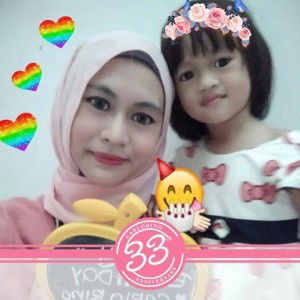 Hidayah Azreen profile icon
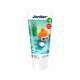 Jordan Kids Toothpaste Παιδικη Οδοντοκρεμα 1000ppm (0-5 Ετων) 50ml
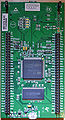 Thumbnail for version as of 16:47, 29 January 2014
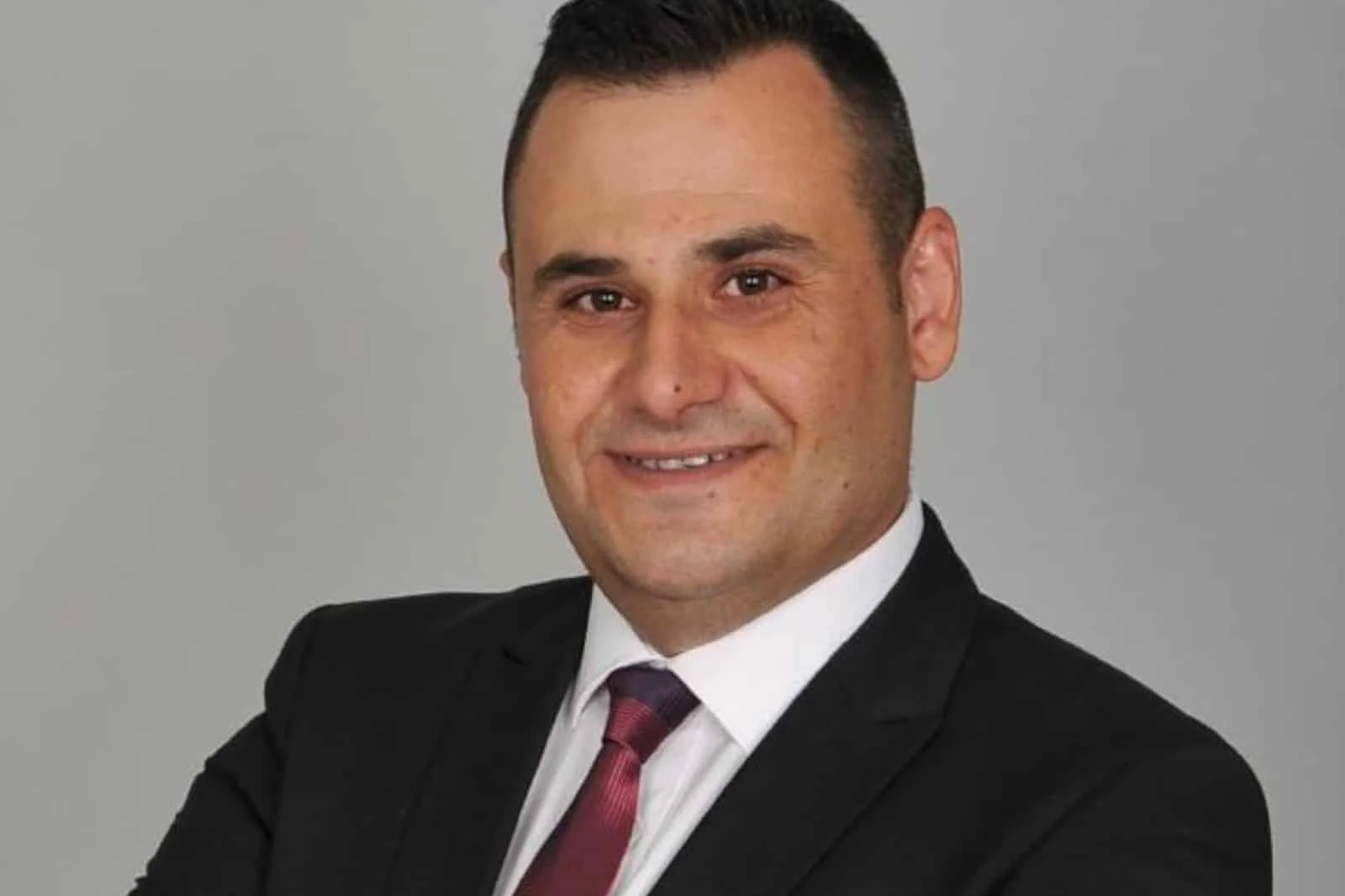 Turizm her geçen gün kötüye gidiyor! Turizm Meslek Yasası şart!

:::

For this exercise, transcribe exactly only the lines from the one containing "Jordan Kids Toothpaste" through the end of the listing, inclusive, without the pictures.

# SOLVED EXERCISE
 Jordan Kids Toothpaste Παιδικη Οδοντοκρεμα 1000ppm (0-5 Ετων) 50ml
 Thumbnail for version as of 16:47, 29 January 2014
 Turizm her geçen gün kötüye gidiyor! Turizm Meslek Yasası şart!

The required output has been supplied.